This is a talk about version control collaboration
The Problem
Document collaboration in the NHS is broken.
Lowest common demonimator; MS Word and email.
guideline-version3-finalcomments49corrected.docx.lol is a symptom.
Frustrating Examples
Colleague returns tracked changes on version 3. We’re now on version 5.
Trust only pays for word licences on certain PCs.
Collaborator changes all the formatting and resized the figures.

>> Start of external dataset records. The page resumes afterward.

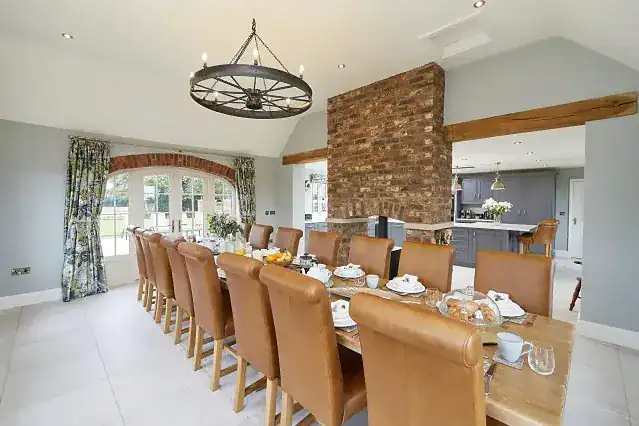 Spacious dining room with large table, leather chairs, and brick feature wall.
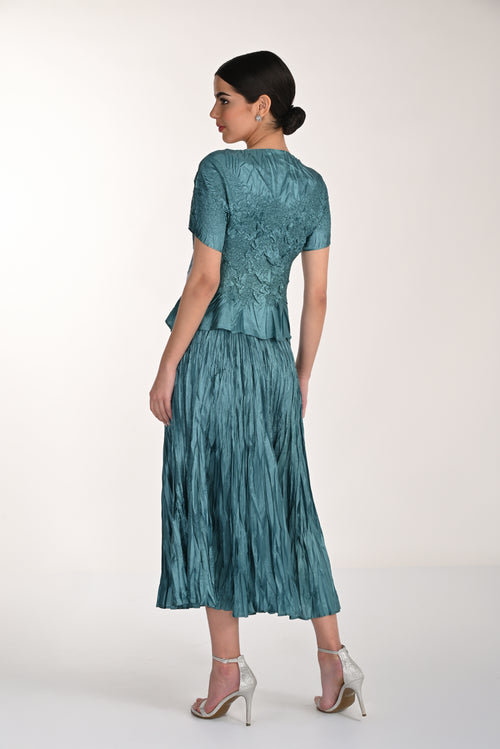 Woman wearing a teal dress with a textured skirt on a white background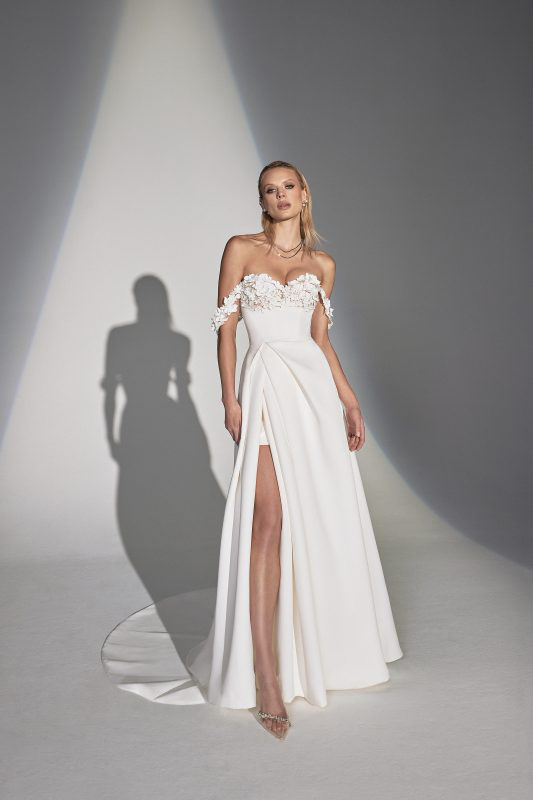 In questa foto una modella indossa un abito da sposa Justin Alexander 2023: il modello è scivolato, con applicazioni floreali sul decollete e un profondo spacco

Solutions: cloud (MS word 💰 / google 😈).
Neither scales well.
There are industries that have solved scalable document collaboration.
Assassin’s Creed
34 million players by October 2023
Ubisoft game studio
2000 developers
A (somewhat meta) Example
Teddy and I are writing this presentation
We don’t use powerpoint; plain text!
The Power of Plain Text
Collaboration
Each collaborator / idea lives in seperate branches.
Merged when ready.
Version controlled: implicit to the method of collaboration.
Untapped Potential
Imagine every NHS trust uses this approach
we need a new hyponatraemia guidelines
St. Elshwere; global reputation
Find their guidelines on github: Fork
Untapped Potential
Major new RCT changes practice.
St. Elsewhere updates their guidelines.
We are notified.
The change is ratified and instantly disseminated.
Advantages/Benefits
Practical: time saved, better collaboration, transparanecy
Future proof
Scalable
Challenges
Some technical knowhow necessary.
Buy in: change in the way we work.
Some friction now, for a massive payoff later. Start early (?undergrad ?A levels)
Network effects are multiplicative.
Level of trust comfort: documents in public domain.
Questions
Why would we want to have guidelines in plain text?
Formatting/branding? Develop trust templates.
Webpage as output: high fidelity medium, video, audio, reactive.